> _Brief_
Below are records that contain pictures; transcribe the text exactly and omit the pictures.
=== Records shown ===
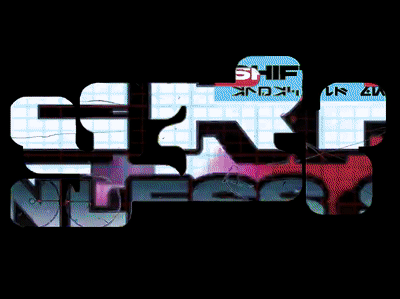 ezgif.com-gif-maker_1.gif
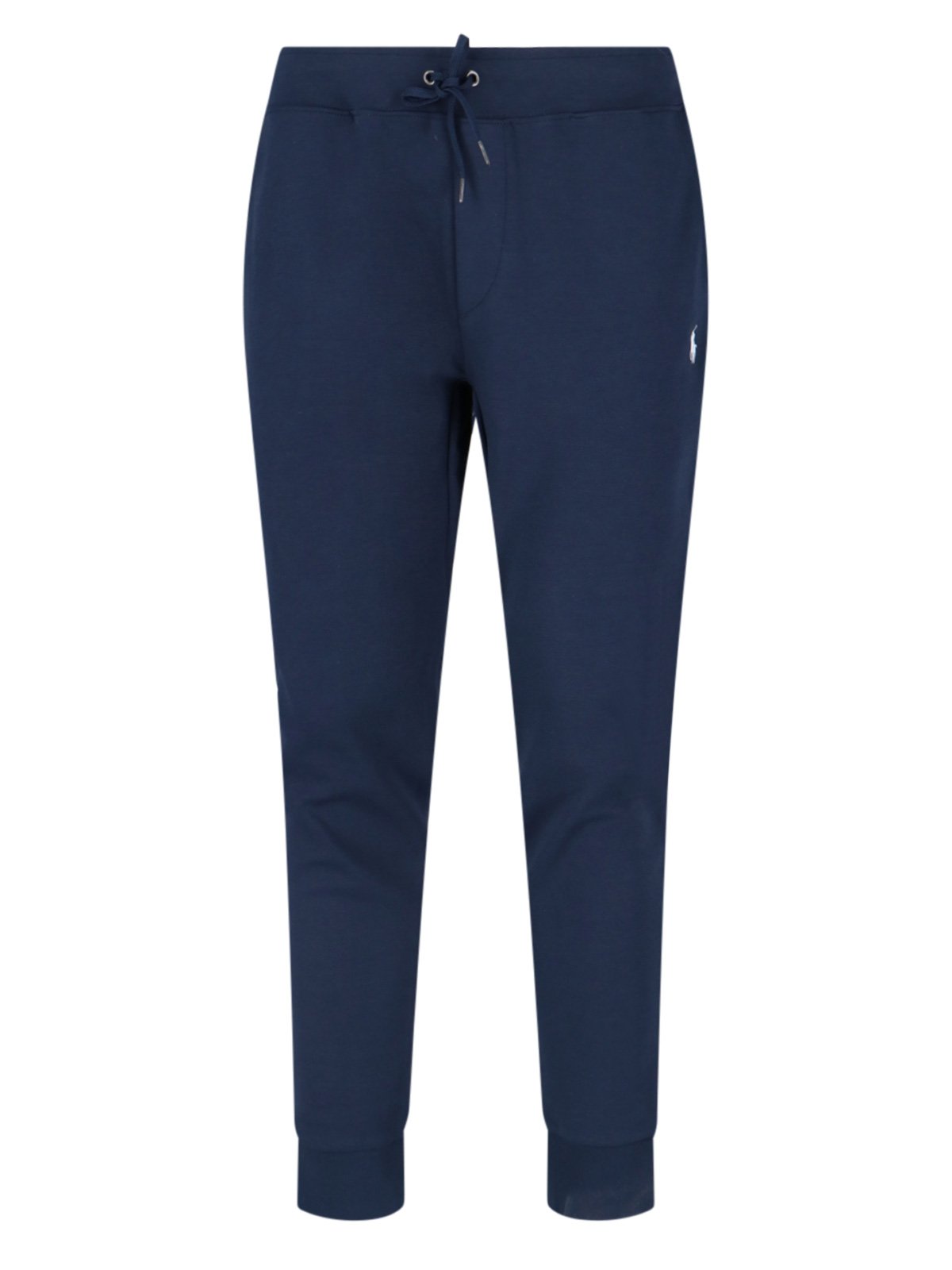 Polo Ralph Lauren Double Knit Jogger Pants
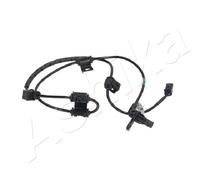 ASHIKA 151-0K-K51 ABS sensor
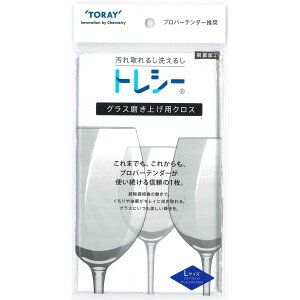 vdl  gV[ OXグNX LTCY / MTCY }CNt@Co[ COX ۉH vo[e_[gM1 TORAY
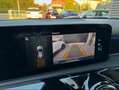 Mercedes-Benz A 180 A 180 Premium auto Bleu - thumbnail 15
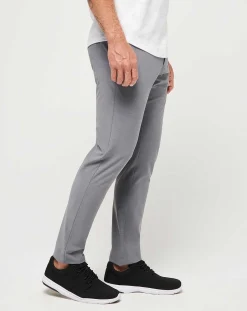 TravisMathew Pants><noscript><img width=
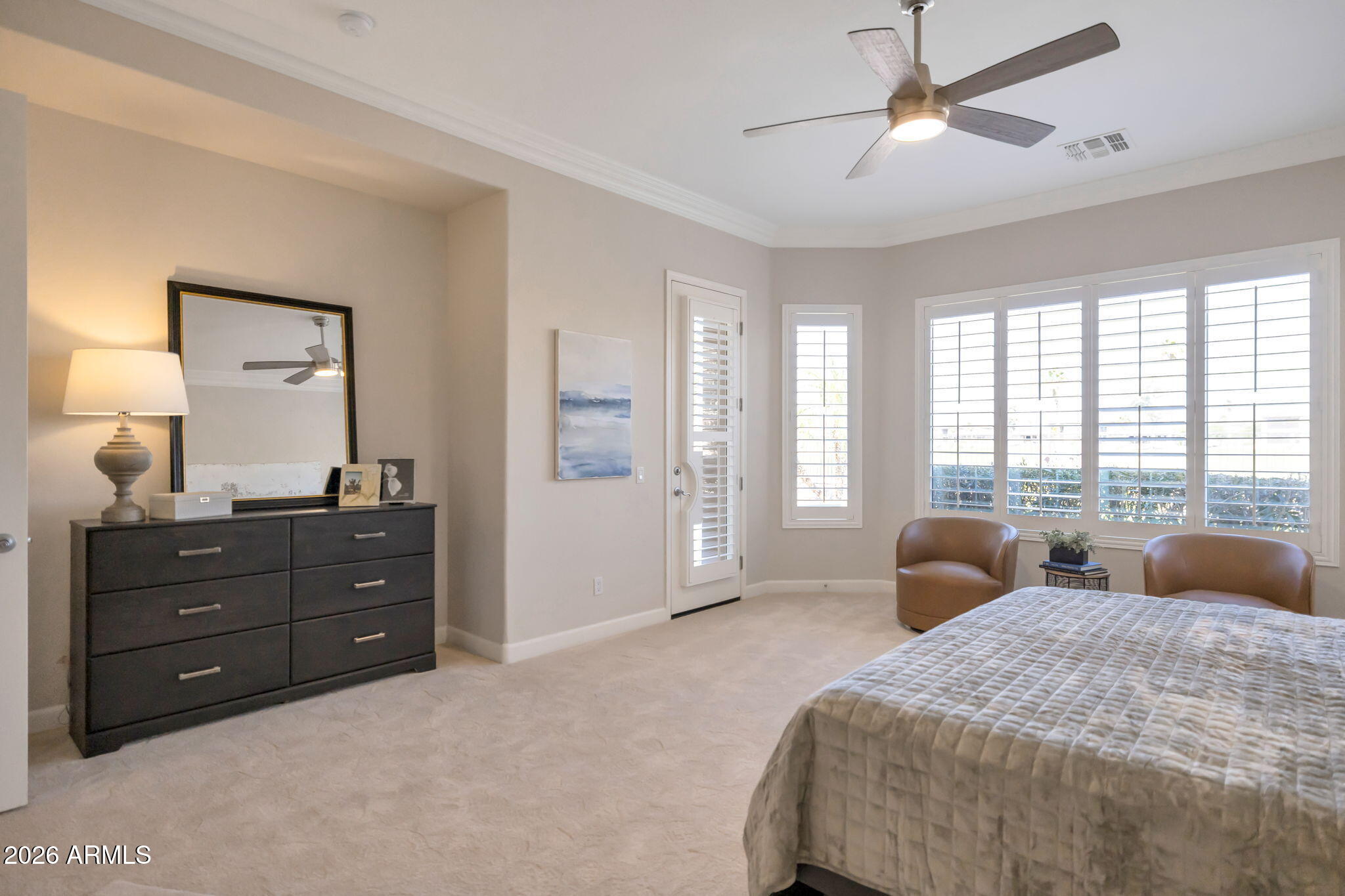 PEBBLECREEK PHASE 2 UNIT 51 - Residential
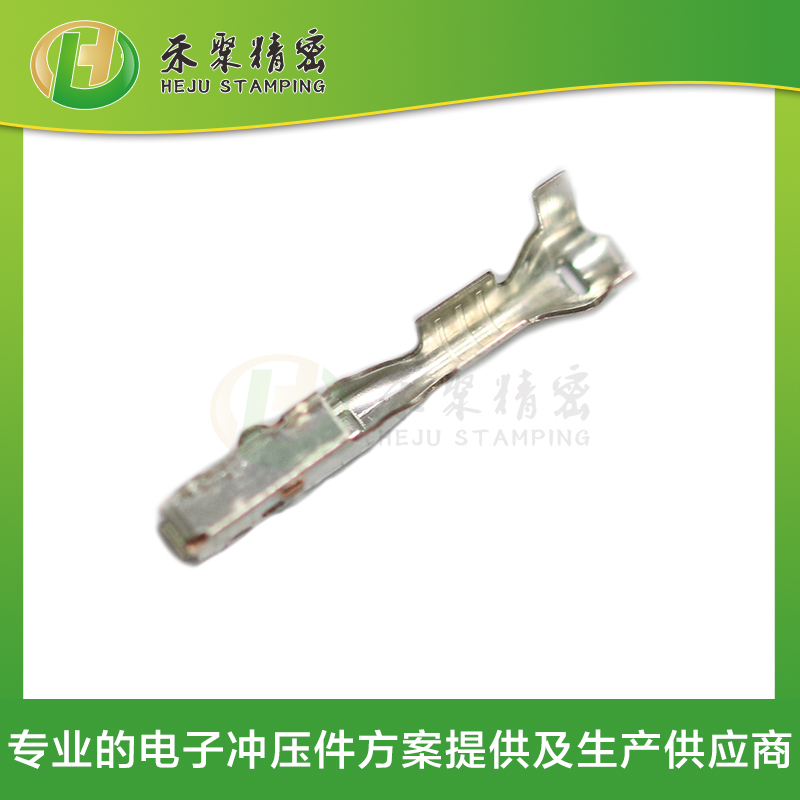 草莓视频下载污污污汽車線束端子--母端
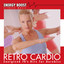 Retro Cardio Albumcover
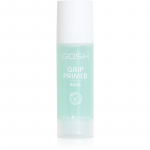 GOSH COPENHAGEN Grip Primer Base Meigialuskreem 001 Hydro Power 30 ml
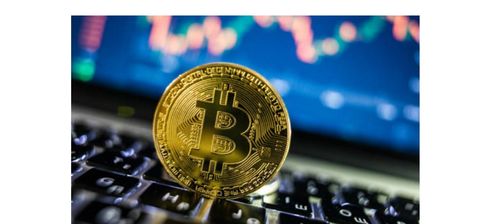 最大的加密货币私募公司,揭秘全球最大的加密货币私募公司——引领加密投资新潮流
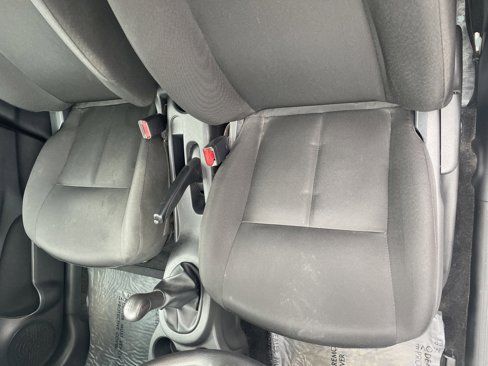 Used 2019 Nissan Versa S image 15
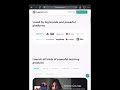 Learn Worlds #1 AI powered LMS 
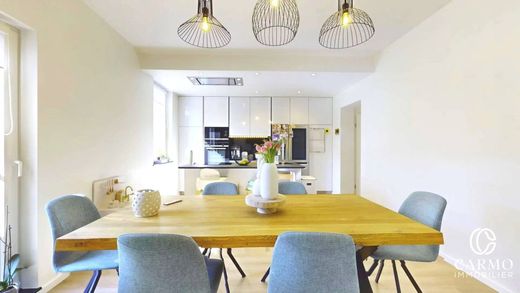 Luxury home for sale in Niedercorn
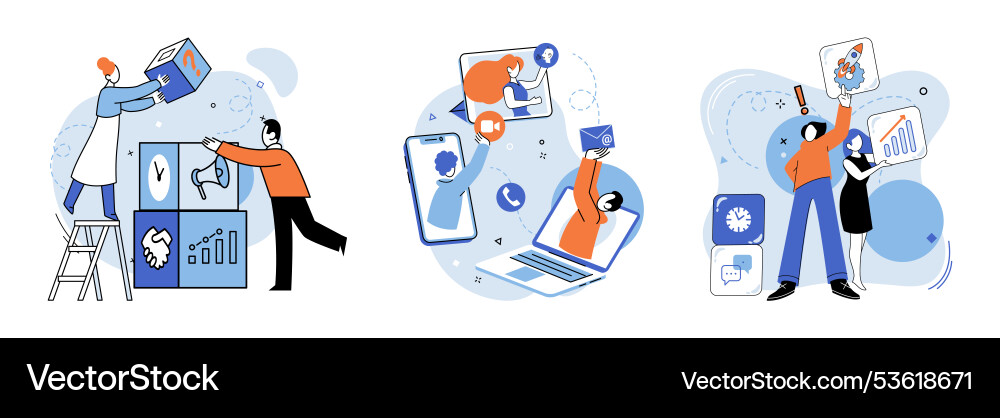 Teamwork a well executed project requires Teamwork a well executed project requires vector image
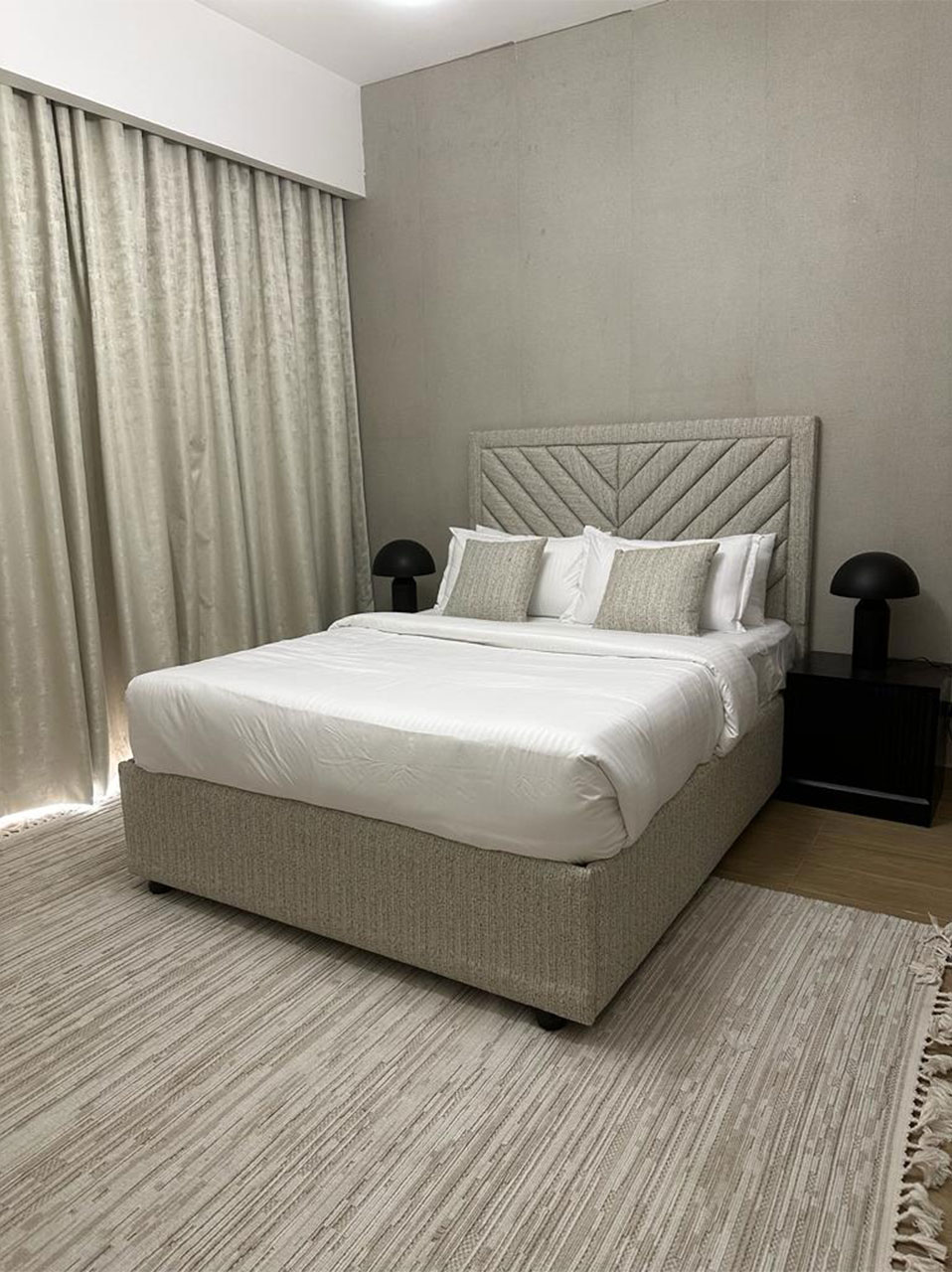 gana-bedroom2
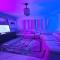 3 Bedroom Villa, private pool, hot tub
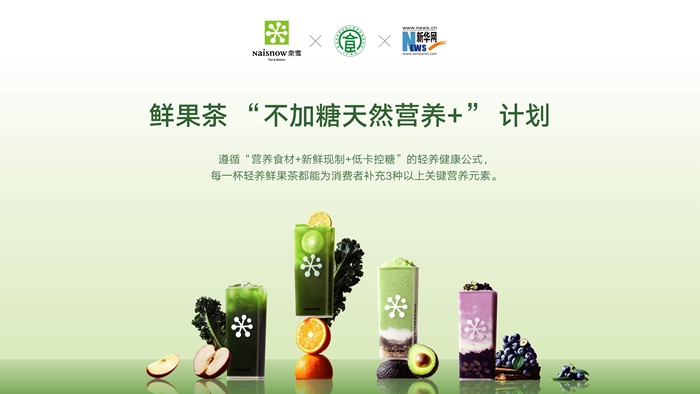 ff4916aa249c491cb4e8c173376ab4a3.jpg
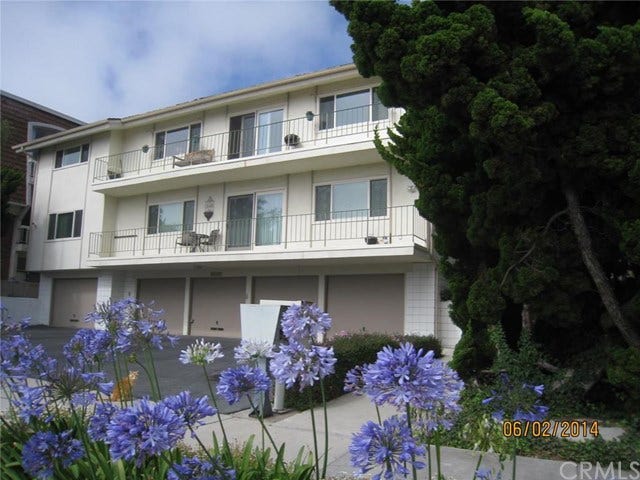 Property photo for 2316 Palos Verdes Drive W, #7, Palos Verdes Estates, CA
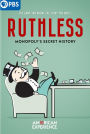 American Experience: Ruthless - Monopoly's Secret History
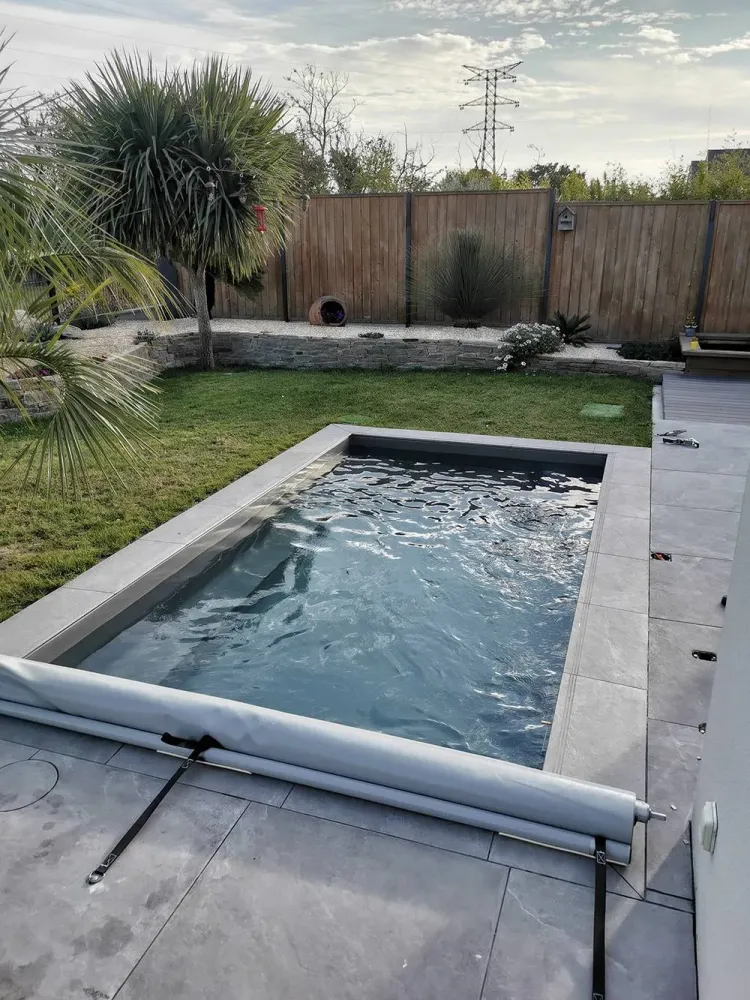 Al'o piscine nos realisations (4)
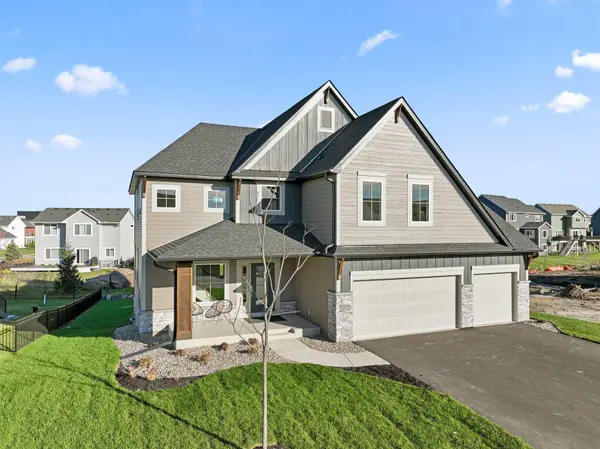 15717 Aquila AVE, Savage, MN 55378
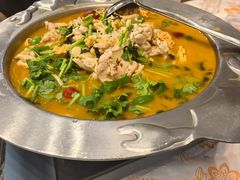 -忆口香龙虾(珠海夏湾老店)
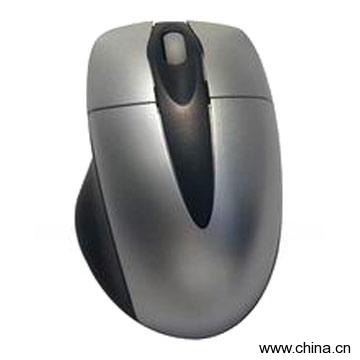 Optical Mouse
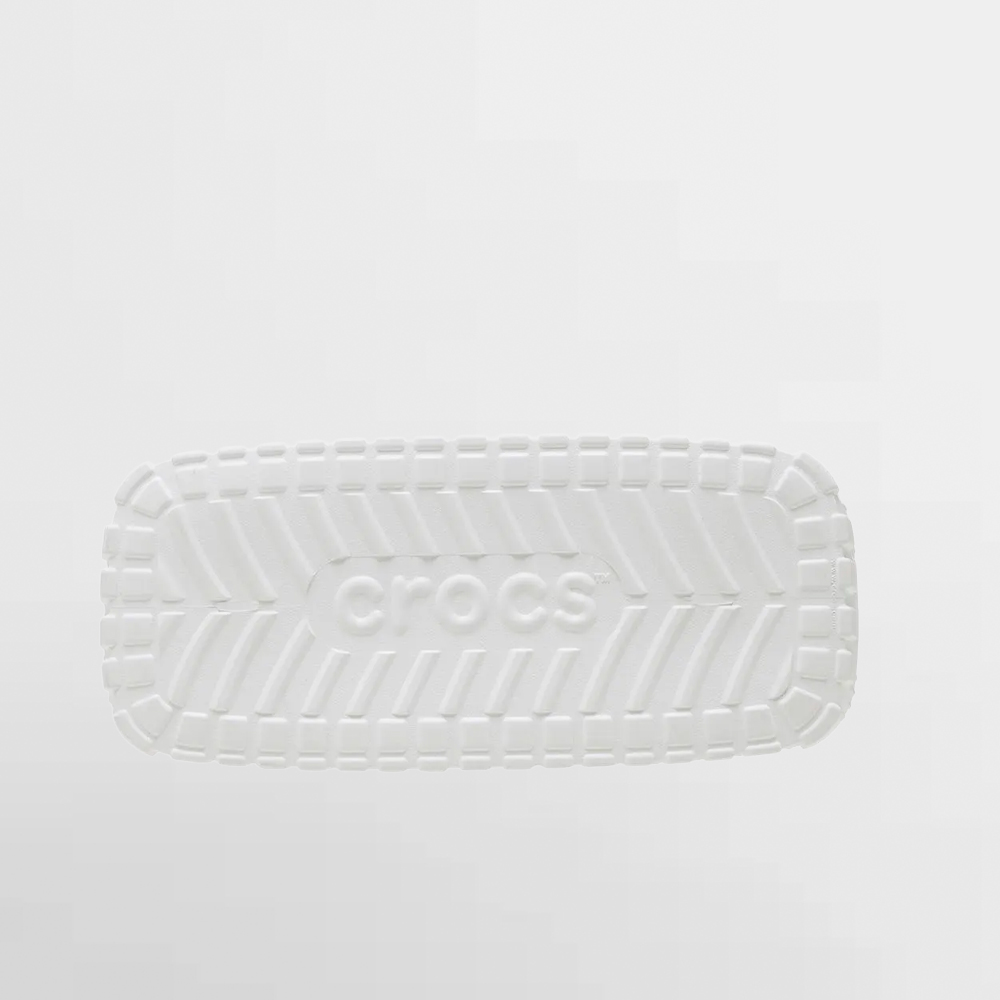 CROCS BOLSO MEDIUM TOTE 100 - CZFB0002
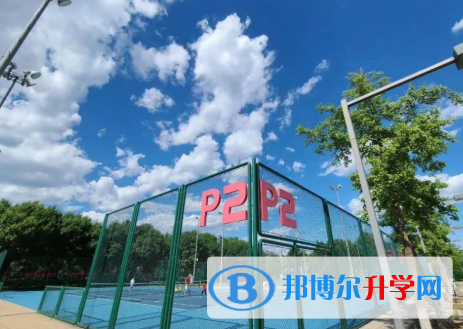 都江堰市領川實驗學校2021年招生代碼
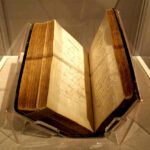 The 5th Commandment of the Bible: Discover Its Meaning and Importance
===
> _Solved exercise_
 ezgif.com-gif-maker_1.gif
 Polo Ralph Lauren Double Knit Jogger Pants
 ASHIKA 151-0K-K51 ABS sensor
 vdl  gV[ OXグNX LTCY / MTCY }CNt@Co[ COX ۉH vo[e_[gM1 TORAY
 Mercedes-Benz A 180 A 180 Premium auto Bleu - thumbnail 15
 TravisMathew Pants><noscript><img width=
 PEBBLECREEK PHASE 2 UNIT 51 - Residential
 草莓视频下载污污污汽車線束端子--母端
 Retro Cardio Albumcover
 GOSH COPENHAGEN Grip Primer Base Meigialuskreem 001 Hydro Power 30 ml
 最大的加密货币私募公司,揭秘全球最大的加密货币私募公司——引领加密投资新潮流
 Used 2019 Nissan Versa S image 15
 Learn Worlds #1 AI powered LMS 
 Luxury home for sale in Niedercorn
 Teamwork a well executed project requires Teamwork a well executed project requires vector image
 gana-bedroom2
 3 Bedroom Villa, private pool, hot tub
 ff4916aa249c491cb4e8c173376ab4a3.jpg
 Property photo for 2316 Palos Verdes Drive W, #7, Palos Verdes Estates, CA
 American Experience: Ruthless - Monopoly's Secret History
 Al'o piscine nos realisations (4)
 15717 Aquila AVE, Savage, MN 55378
 -忆口香龙虾(珠海夏湾老店)
 Optical Mouse
 CROCS BOLSO MEDIUM TOTE 100 - CZFB0002
 都江堰市領川實驗學校2021年招生代碼
 The 5th Commandment of the Bible: Discover Its Meaning and Importance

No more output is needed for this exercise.